The present model offers a versatile instrumental tool for testing new coding strategies employing, e.g., pseudo-monophasic pulses or variable pulse timing. For instance, one can use the model to optimize the timings and amplitudes of the pulses in a stimulation sequence to obtain the desired spiking activity (Seeber & Li, 2022). Due to the limited parameter space, the model has already been shown to be conveniently tunable to individual CI users to predict ECAP responses and hearing percepts (Werner et al., 2018). There, the authors coupled a simple 2-D propagation model with the present S-BLIF model and optimized the neural density and model parameters (average threshold, standard deviation of threshold values among modeled neurons, refractory parameters, and facilitation constant) to successfully predict the loudness growth and ECAP data of individual CI users using the data from Cohen's paper series (2009a, 2009b, 2009c, 2009d, 2009e). Another idea for future work is to extend the S-BLIF model with models of binaural-cue decoding in the superior olivary complex (Grothe et al., 2010; Takanen et al., 2014) to predict CI users’ sensitivity to differences in binaural cues.
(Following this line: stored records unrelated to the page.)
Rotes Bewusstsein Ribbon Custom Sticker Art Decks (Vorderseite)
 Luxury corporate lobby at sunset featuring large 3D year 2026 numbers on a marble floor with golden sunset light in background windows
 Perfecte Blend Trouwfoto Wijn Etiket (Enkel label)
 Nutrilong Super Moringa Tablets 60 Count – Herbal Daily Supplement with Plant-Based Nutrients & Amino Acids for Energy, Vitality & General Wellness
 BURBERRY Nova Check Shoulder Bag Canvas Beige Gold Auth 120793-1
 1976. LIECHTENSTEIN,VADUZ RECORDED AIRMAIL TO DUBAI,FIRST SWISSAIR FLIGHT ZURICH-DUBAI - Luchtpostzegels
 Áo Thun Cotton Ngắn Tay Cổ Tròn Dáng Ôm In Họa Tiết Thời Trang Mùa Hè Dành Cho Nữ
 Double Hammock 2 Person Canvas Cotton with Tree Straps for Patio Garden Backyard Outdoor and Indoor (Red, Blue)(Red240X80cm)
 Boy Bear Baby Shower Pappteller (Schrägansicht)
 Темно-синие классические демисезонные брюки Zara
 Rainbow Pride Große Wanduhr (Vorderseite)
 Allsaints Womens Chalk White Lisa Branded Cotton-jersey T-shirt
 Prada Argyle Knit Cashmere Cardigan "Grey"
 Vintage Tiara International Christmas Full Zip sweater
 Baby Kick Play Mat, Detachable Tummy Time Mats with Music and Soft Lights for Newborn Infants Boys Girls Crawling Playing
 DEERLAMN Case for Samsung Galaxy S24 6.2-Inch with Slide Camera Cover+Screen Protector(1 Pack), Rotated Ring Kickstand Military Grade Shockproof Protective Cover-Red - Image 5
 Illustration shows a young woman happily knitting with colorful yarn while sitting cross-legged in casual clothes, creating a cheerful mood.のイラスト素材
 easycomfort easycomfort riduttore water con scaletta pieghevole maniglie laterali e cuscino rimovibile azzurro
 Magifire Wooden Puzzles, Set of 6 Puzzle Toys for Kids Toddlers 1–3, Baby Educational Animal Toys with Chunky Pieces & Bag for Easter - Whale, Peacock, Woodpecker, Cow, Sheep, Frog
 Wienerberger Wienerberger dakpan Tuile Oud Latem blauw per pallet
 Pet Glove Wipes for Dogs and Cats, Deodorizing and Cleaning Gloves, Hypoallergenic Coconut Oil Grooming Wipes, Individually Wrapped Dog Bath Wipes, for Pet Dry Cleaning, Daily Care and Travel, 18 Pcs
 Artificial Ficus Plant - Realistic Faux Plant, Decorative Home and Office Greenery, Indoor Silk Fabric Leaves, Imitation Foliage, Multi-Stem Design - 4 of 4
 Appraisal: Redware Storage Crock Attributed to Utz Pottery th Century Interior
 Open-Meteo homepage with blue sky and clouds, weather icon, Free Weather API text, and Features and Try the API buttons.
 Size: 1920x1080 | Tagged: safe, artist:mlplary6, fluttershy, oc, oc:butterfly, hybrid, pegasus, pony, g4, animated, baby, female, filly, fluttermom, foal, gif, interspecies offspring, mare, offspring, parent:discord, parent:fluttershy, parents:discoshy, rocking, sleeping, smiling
Pursuing the modeling of hearing outcomes of CI users considering both unilateral and bilateral stimulation provides also clear plan for future work.
Conclusions
In this study, we present a phenomenological model for electrically stimulated auditory nerve fibers (ANFs) based on single-fiber cat ANF data from literature. The sequential biphasic leaky integrate-and-fire (S-BLIF) model extends the BLIF model (Horne et al., 2016) for pulse-train stimulation by incorporating elements that enable the model to account for the temporal phenomena related to inter-pulse interactions. The extended model:
Reproduces refractoriness data collected with monophasic pulses (Cartee et al., 2000; Dynes, 1996; Miller et al., 2001);
Reproduces facilitation for pseudo-monophasic pulses (Cartee et al., 2000) and facilitation / accommodation in responses to pulse train sequences of symmetric charge-balanced pulses (Heffer et al., 2010);
Reproduces effects of spike-rate adaptation on the neuron's spiking efficiency (Javel, 1990), spike timings (Miller et al., 2008) and vector-strength values between the neuron's spiking activity and pulse train input sequence (Dynes & Delgutte, 1992; Hartman & Klinke, 1990; Miller et al., 2008) for symmetric charge-balanced pulses.
The S-BLIF model is freely available at DOI:10.5281/zenodo.4674563.
Footnotes
Acknowledgements
We thank Niklas Löcherer for software testing and refining the long-term adaptation aspect of the model and Jean-Noël Weller for optimizing the parameter space for modeling the refractoriness. We also thank the reviewers for their constructive comments.
Author's Note
Marko Takanen moved to MED-EL Medical Electronics, Research and Development, Innsbruck, Austria after the manuscript was written.
Declaration of Conflicting Interests
The author(s) declared no potential conflicts of interest with respect to the research, authorship, and/or publication of this article.
Funding
The author(s) disclosed receipt of the following financial support for the research, authorship, and/or publication of this article: This work was supported by the BMBF Bernstein Center for Computational Neuroscience, Munich (Bundesministerium für Bildung und Forschung, grant number 01 GQ 1004B).